» **EXERCISE BRIEF**:
Output only the stretch of the listing that starts at the line containing "Aralia cordata ‘Sun King’" and ends at the line containing "Antelope Metal Print", reproduced exactly with both ends.

» **INFORMATION GIVEN**:
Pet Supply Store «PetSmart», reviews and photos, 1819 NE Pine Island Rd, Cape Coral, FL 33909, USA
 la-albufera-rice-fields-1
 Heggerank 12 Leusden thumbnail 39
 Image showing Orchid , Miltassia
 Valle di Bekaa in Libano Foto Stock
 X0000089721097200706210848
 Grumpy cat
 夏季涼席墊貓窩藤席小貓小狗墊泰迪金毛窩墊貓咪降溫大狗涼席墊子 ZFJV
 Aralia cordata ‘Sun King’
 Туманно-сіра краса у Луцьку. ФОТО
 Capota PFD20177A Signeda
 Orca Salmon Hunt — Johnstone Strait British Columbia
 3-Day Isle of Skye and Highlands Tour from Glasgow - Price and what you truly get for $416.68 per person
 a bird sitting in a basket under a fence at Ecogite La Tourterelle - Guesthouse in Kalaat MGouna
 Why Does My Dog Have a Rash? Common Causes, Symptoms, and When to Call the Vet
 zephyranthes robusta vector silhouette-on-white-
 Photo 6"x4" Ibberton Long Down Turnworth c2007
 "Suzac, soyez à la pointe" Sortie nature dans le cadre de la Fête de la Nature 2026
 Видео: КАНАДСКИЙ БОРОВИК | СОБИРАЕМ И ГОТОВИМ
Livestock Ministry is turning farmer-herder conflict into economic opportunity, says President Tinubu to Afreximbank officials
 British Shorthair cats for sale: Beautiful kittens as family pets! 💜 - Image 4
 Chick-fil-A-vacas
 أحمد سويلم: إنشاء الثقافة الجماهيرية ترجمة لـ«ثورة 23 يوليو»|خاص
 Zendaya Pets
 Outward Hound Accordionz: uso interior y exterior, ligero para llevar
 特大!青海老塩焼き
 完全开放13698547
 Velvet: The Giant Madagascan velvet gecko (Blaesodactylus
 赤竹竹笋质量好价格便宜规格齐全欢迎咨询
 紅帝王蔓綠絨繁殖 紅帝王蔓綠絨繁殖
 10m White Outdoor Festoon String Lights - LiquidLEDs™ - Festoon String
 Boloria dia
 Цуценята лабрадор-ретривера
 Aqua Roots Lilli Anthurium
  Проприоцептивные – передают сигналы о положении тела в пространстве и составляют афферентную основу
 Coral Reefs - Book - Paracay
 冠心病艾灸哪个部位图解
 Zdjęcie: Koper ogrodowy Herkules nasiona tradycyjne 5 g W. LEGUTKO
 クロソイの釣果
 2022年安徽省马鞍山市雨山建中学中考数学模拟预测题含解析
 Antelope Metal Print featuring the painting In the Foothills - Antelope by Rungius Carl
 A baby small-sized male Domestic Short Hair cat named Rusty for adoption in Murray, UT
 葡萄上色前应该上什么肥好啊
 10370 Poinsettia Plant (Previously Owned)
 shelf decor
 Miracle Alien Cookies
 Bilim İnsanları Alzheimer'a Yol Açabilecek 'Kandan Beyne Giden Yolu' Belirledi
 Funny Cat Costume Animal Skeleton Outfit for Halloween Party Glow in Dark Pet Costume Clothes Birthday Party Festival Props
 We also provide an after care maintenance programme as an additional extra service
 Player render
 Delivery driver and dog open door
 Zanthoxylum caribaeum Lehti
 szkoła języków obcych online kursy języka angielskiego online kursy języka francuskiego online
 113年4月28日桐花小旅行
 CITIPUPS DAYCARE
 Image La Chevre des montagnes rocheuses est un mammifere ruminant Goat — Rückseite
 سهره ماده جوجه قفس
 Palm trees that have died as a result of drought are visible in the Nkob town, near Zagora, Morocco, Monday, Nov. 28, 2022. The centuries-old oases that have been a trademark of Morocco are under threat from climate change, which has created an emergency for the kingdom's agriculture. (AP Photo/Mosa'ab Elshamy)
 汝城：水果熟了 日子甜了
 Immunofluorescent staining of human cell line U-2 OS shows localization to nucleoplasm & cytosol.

» **RESPONSE TO THIS EXERCISE**:
 Aralia cordata ‘Sun King’
 Туманно-сіра краса у Луцьку. ФОТО
 Capota PFD20177A Signeda
 Orca Salmon Hunt — Johnstone Strait British Columbia
 3-Day Isle of Skye and Highlands Tour from Glasgow - Price and what you truly get for $416.68 per person
 a bird sitting in a basket under a fence at Ecogite La Tourterelle - Guesthouse in Kalaat MGouna
 Why Does My Dog Have a Rash? Common Causes, Symptoms, and When to Call the Vet
 zephyranthes robusta vector silhouette-on-white-
 Photo 6"x4" Ibberton Long Down Turnworth c2007
 "Suzac, soyez à la pointe" Sortie nature dans le cadre de la Fête de la Nature 2026
 Видео: КАНАДСКИЙ БОРОВИК | СОБИРАЕМ И ГОТОВИМ
Livestock Ministry is turning farmer-herder conflict into economic opportunity, says President Tinubu to Afreximbank officials
 British Shorthair cats for sale: Beautiful kittens as family pets! 💜 - Image 4
 Chick-fil-A-vacas
 أحمد سويلم: إنشاء الثقافة الجماهيرية ترجمة لـ«ثورة 23 يوليو»|خاص
 Zendaya Pets
 Outward Hound Accordionz: uso interior y exterior, ligero para llevar
 特大!青海老塩焼き
 完全开放13698547
 Velvet: The Giant Madagascan velvet gecko (Blaesodactylus
 赤竹竹笋质量好价格便宜规格齐全欢迎咨询
 紅帝王蔓綠絨繁殖 紅帝王蔓綠絨繁殖
 10m White Outdoor Festoon String Lights - LiquidLEDs™ - Festoon String
 Boloria dia
 Цуценята лабрадор-ретривера
 Aqua Roots Lilli Anthurium
  Проприоцептивные – передают сигналы о положении тела в пространстве и составляют афферентную основу
 Coral Reefs - Book - Paracay
 冠心病艾灸哪个部位图解
 Zdjęcie: Koper ogrodowy Herkules nasiona tradycyjne 5 g W. LEGUTKO
 クロソイの釣果
 2022年安徽省马鞍山市雨山建中学中考数学模拟预测题含解析
 Antelope Metal Print featuring the painting In the Foothills - Antelope by Rungius Carl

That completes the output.